- **PROMPT**
If a record holds a picture, leave the picture out; return everything else exactly.

Start of TASK DATA

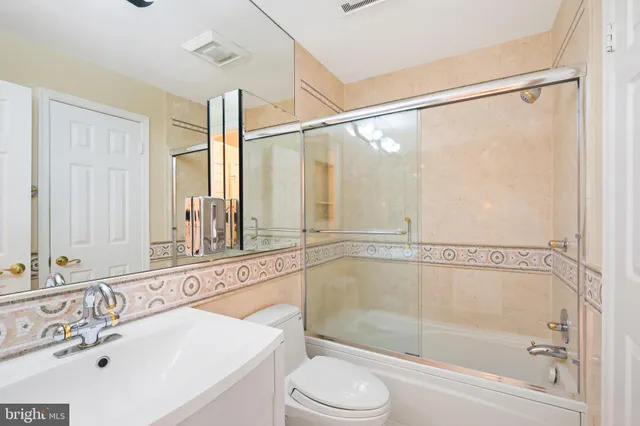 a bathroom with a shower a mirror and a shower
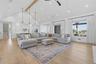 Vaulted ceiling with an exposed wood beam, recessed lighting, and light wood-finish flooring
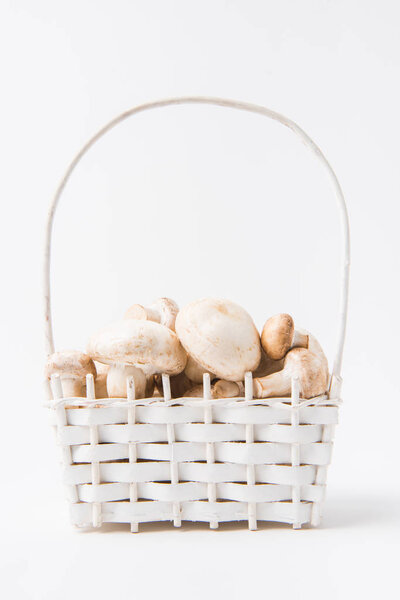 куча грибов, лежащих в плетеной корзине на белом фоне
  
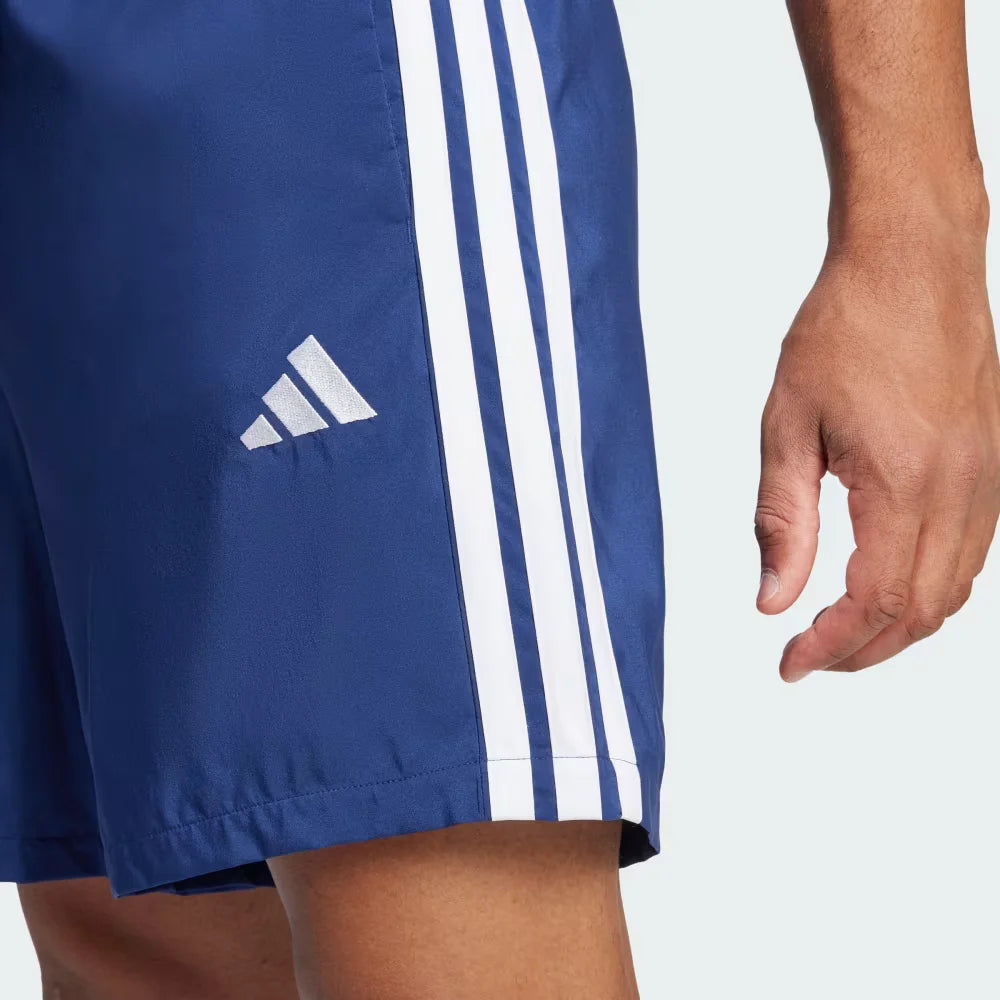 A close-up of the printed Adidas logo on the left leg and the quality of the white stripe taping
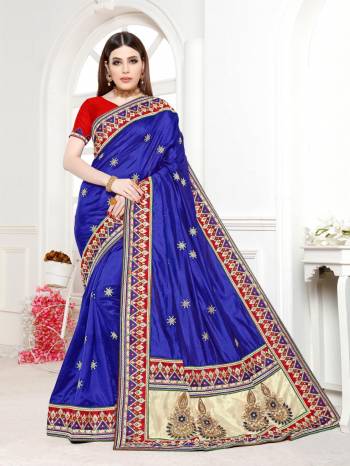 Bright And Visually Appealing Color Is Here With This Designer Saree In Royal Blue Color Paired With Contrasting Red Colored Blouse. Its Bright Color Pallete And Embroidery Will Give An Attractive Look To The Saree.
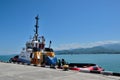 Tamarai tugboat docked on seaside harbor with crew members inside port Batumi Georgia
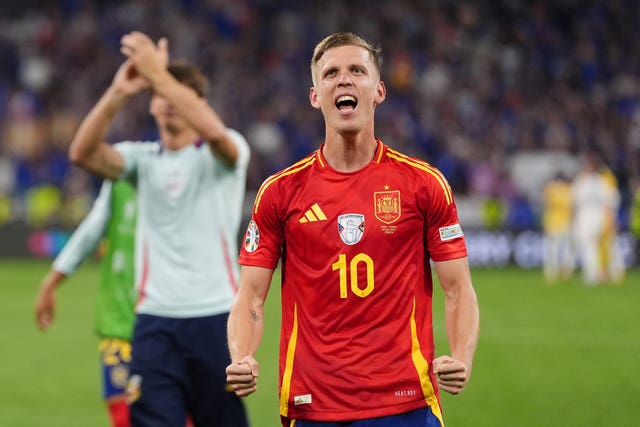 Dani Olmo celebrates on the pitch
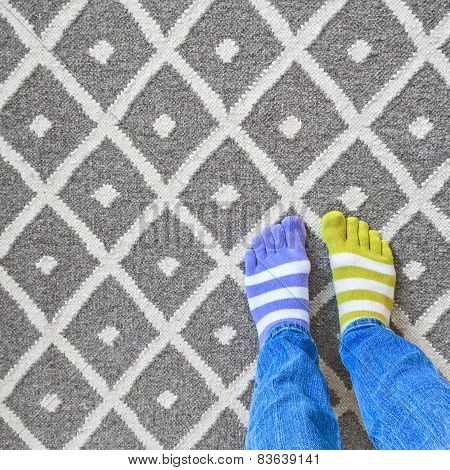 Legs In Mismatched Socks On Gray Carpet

End of TASK DATA

- **ANSWER TO THIS TASK**
 a bathroom with a shower a mirror and a shower
 Vaulted ceiling with an exposed wood beam, recessed lighting, and light wood-finish flooring
 куча грибов, лежащих в плетеной корзине на белом фоне
  
 A close-up of the printed Adidas logo on the left leg and the quality of the white stripe taping
 Bright And Visually Appealing Color Is Here With This Designer Saree In Royal Blue Color Paired With Contrasting Red Colored Blouse. Its Bright Color Pallete And Embroidery Will Give An Attractive Look To The Saree.
 Tamarai tugboat docked on seaside harbor with crew members inside port Batumi Georgia
 Dani Olmo celebrates on the pitch
 Legs In Mismatched Socks On Gray Carpet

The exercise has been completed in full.